Çelişkiler Yumağı Hayat!...
Kendisine bunca acıyı çektirebilmek, karıncayı bile incitmekten çekinen bir yürek için nasıl bir çelişkidir bilir misiniz?
İntiharı aklına bile getiremeyecek kadar hayatı sever ve Yaratan’a yürekten inanırken, kendini diri diri mezara gömebilmek; bedenin emanet verildiğini bile bile, emaneti namus sayıp korurken, kendi emanetine ayaklar altında ezilmeyi reva görebilmek… Kilometrelerce uzaktaki ülkelerde yaşanan savaşlara isyan ederken, kendiyle olan savaşını yıllardır sürdürebilmek.
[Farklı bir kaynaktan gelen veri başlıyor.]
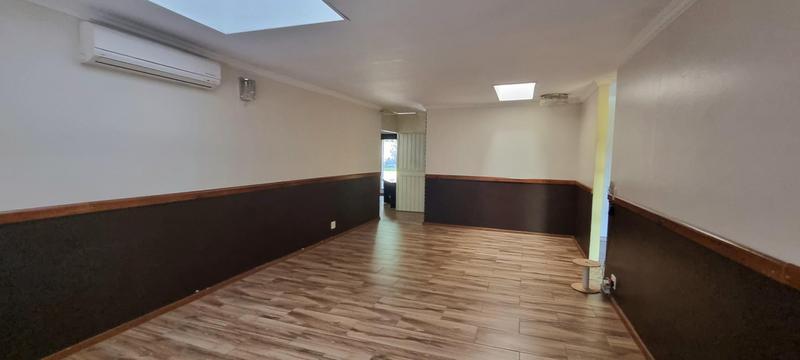 4 Bedroom Property for Sale in Wierda Park Gauteng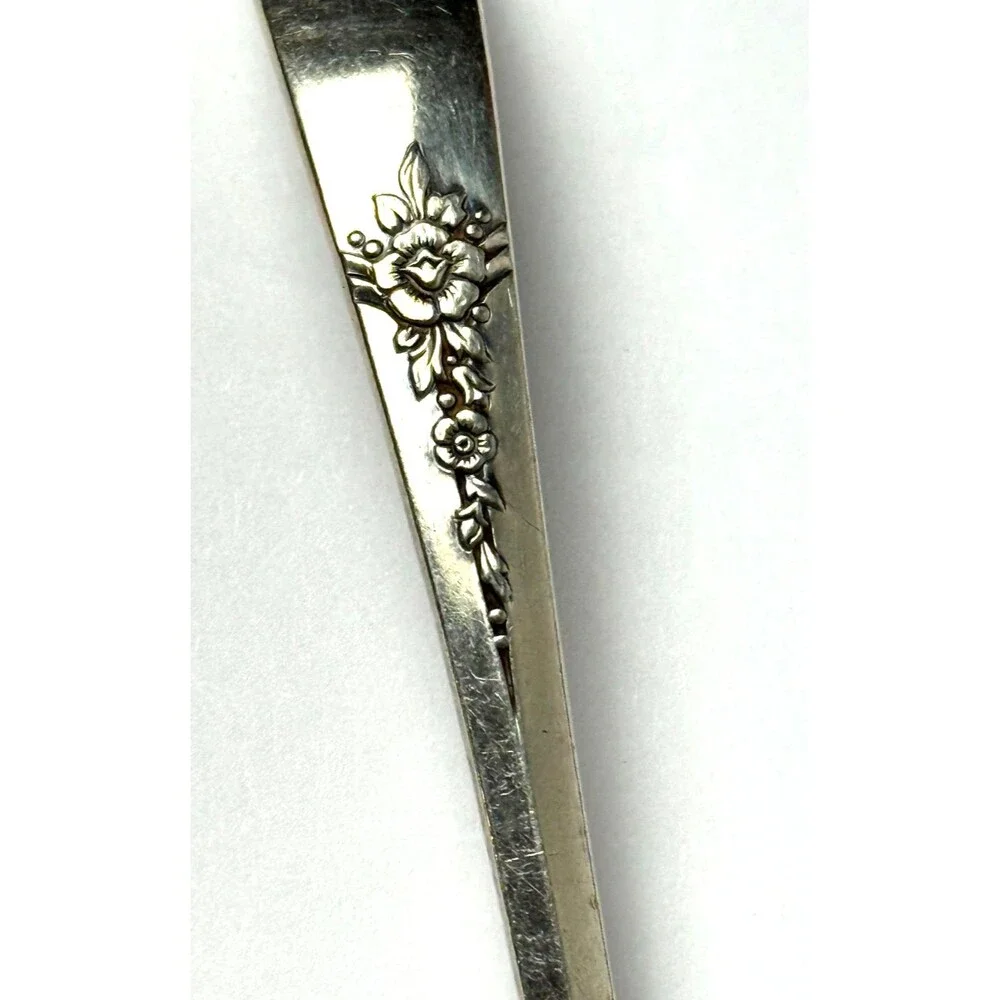 Oneida Community Fantasy Cream Ladle Tudor Plate Silverplate 1941 Art Nouveau 5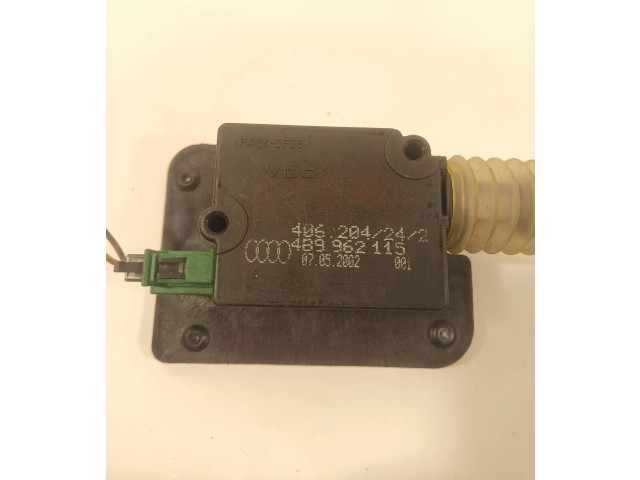 Vstřikovací lišta 4b9962115, 8E0827833   Audi A6 S6 C5 4B     
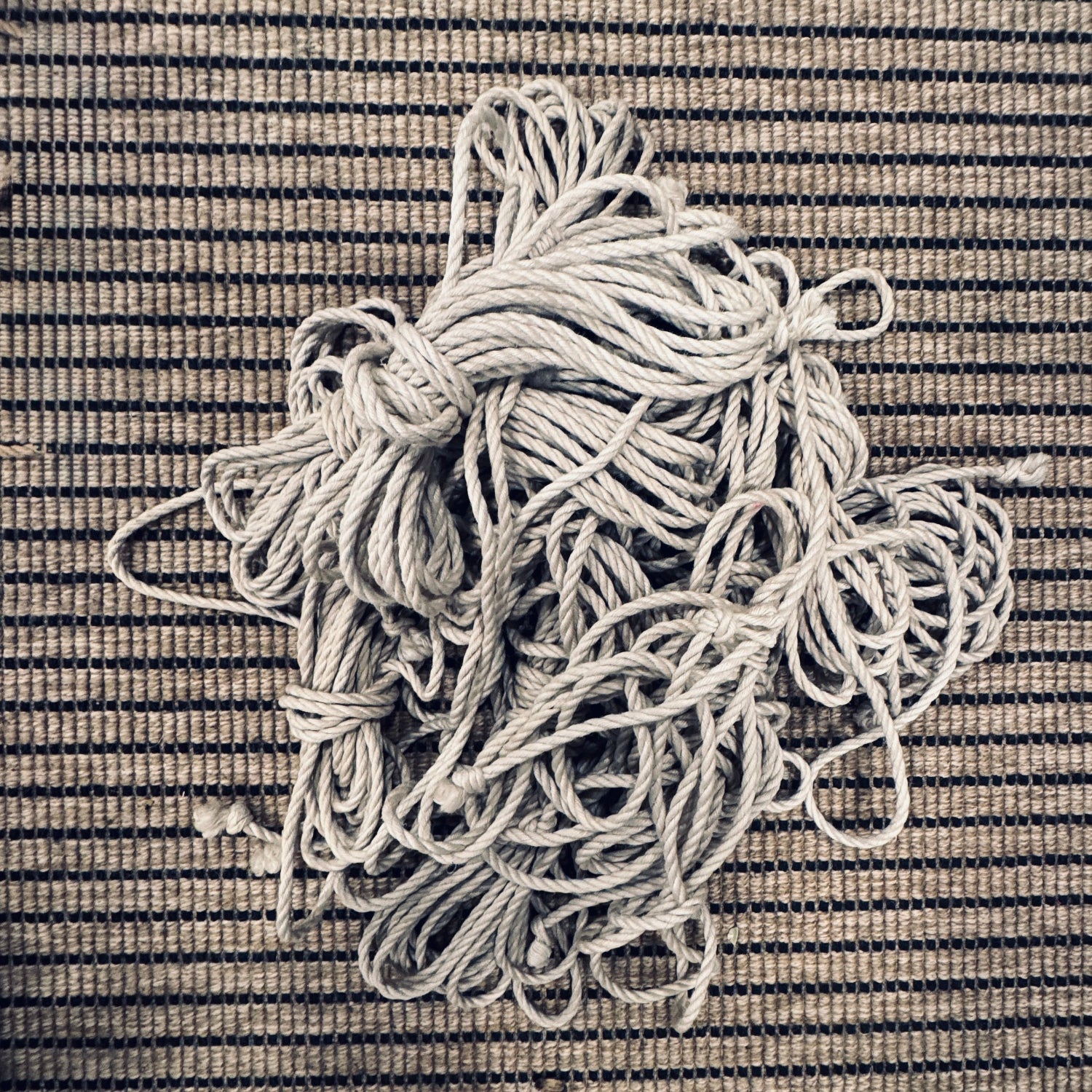 Lot de cordes Shibari UV fluo luminescente recyclée en jute naturel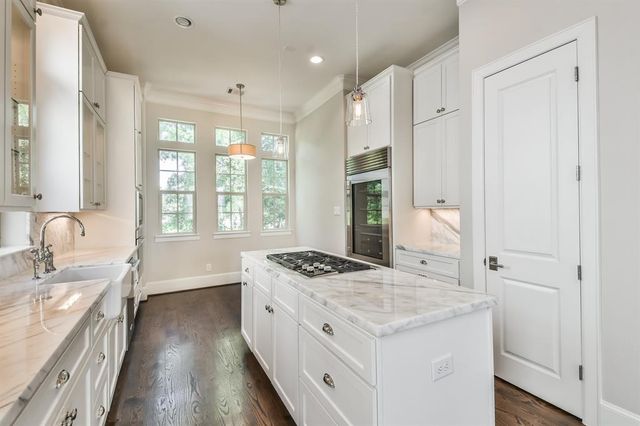 70 Wooded Park Place, The Woodlands, TX 77380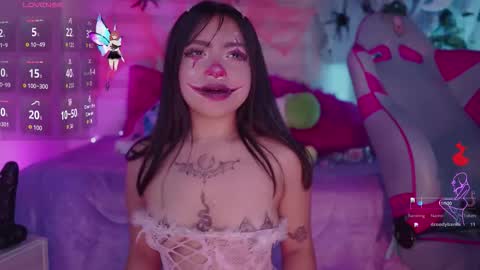 EMMA  online show from October 9, 8:24 pm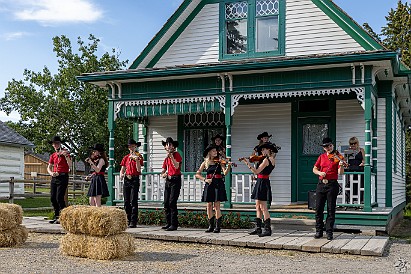 Calgary-022 A local fiddle and dance group provided entertainment during cocktail hour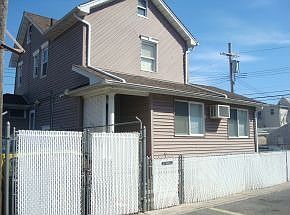 2nd image of 15 Lois Ave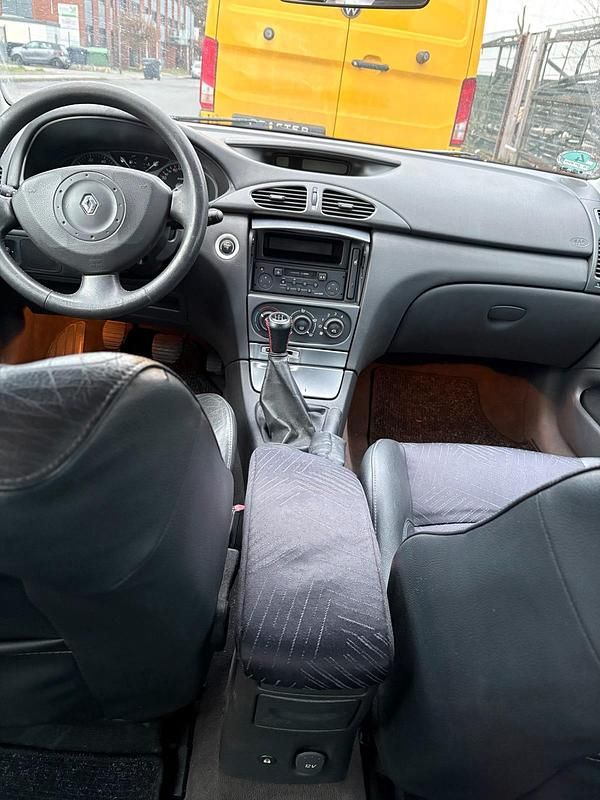 Gebraucht Renault Laguna II 120 PS (88 kW) 2002 Grau Limousine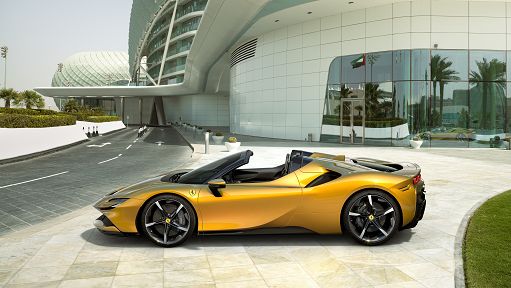 Ferrari: ricavi III trim +24% a 1,54 mld, alza stime 2023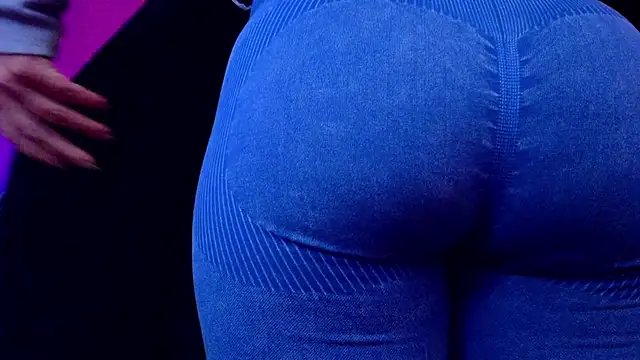 Snapshot of Julieta_Russell chatting on 09.23.25 Julieta Russell online show from 09.23.25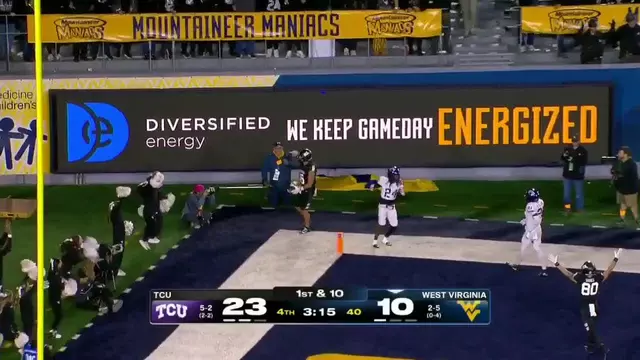 Weimer Cuts the Deficit to Six with a Late TD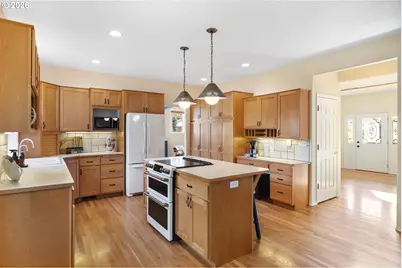 1506 NW Beech St, Camas, WA 98607 - Photo 13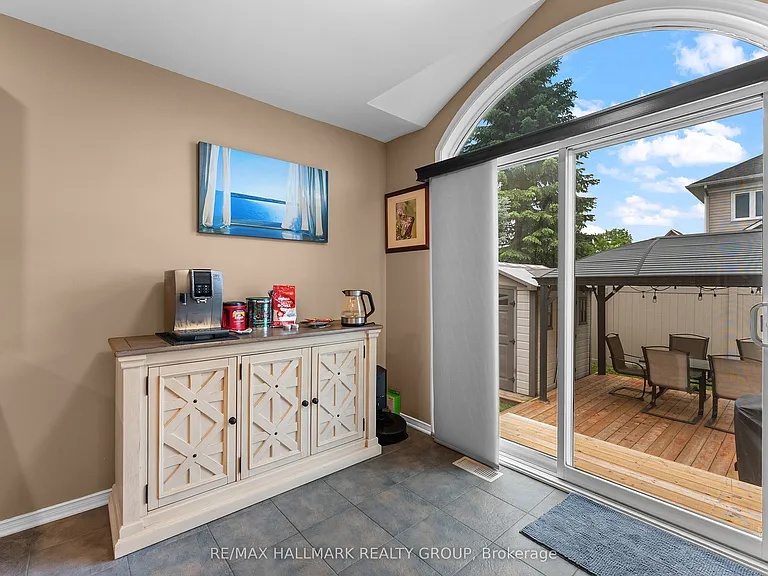 2250 Silverado Cres — Photo 10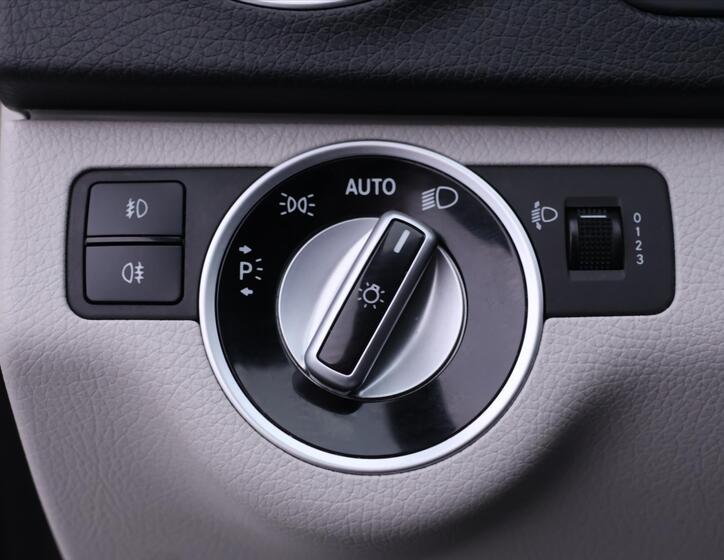 Mercedes-Benz Třídy C 18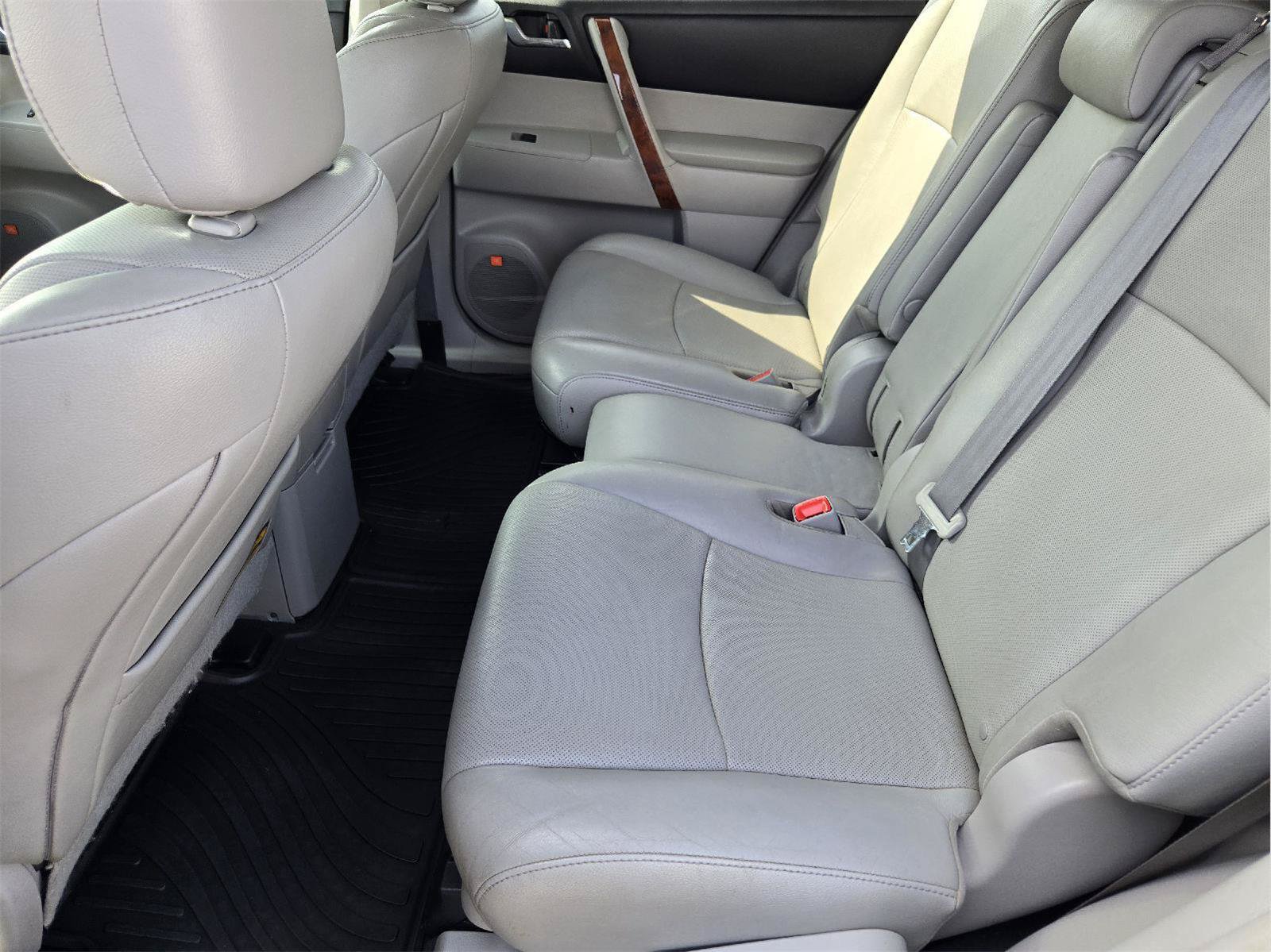 Used 2013 Toyota Highlander Limited FWD image 27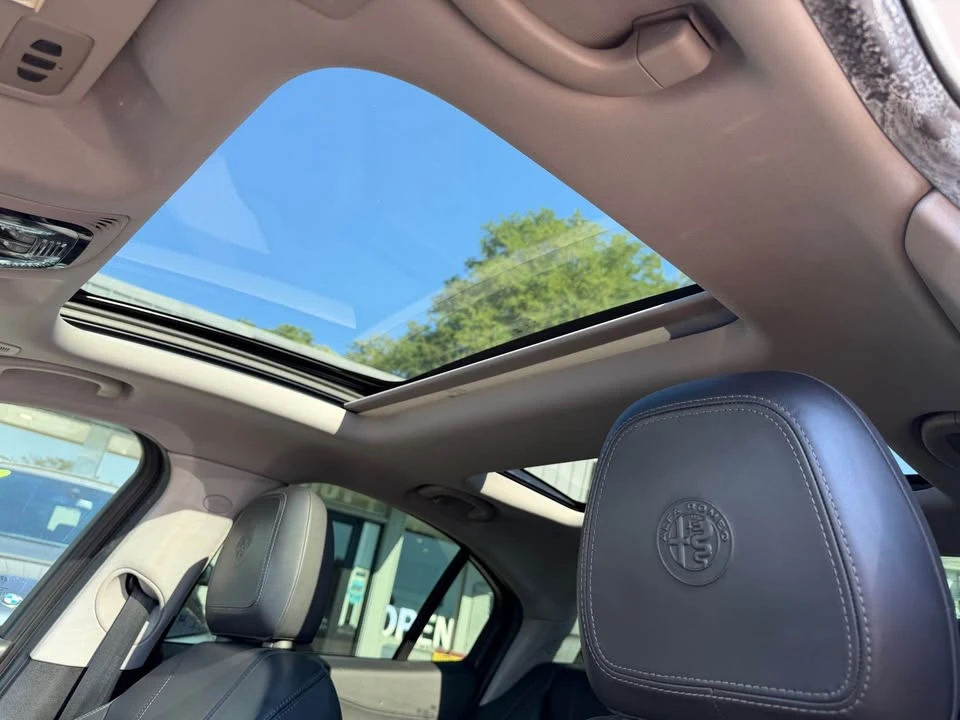 2017 Alfa Romeo Giulia - Image 11 of 20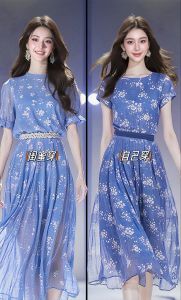 蓝色碎花连衣裙配粉色黄色鞋_蓝色碎花裙配粉色凉鞋，甜美时尚！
Sokakta ölen bir köpeğe bile yas tutarken, ruhuna kurşunu kendi elleriyle sıkabilmek…
Ölesiye hayata karşı mücadele gücüne sahipken, en olmadık sebepten günlerce kılını kıpırdatamaz bir halde durabilmek. Her şeyin en uç noktasında dolaşıp, aynı anda hem zalim hem mazlum olabilir mi insan? Değerlerine ve ailesine kutsal bir kitap gibi sarılıp, ansızın hepsini gözünü kırpmadan silebilmek….
Çözemiyorum…. Herkesi bir şekilde çözüp, anlayabiliyor, hak veriyorken; kendime gelince neden bu kadar kör oluveriyor gözlerim? Beklediğim ne bu dünya denen sürgün yerinden? Küçük ayrıntılar beni mutlu ediyor biliyorum, fazlasını istemiyorum ama bazen bunlarla yetinemiyorum. Nasıl bu kadar susuzken, bir damla bile içemiyorum. Kalabalık ortasında göklere çıkarılırken, yalnız kaldığım anlarda kendimi yerden yere savuruyorum.
İnsanların iyi yönlerine bakmayı becerebilirken, kendimi nasıl şeytana oyuncak ediyorum.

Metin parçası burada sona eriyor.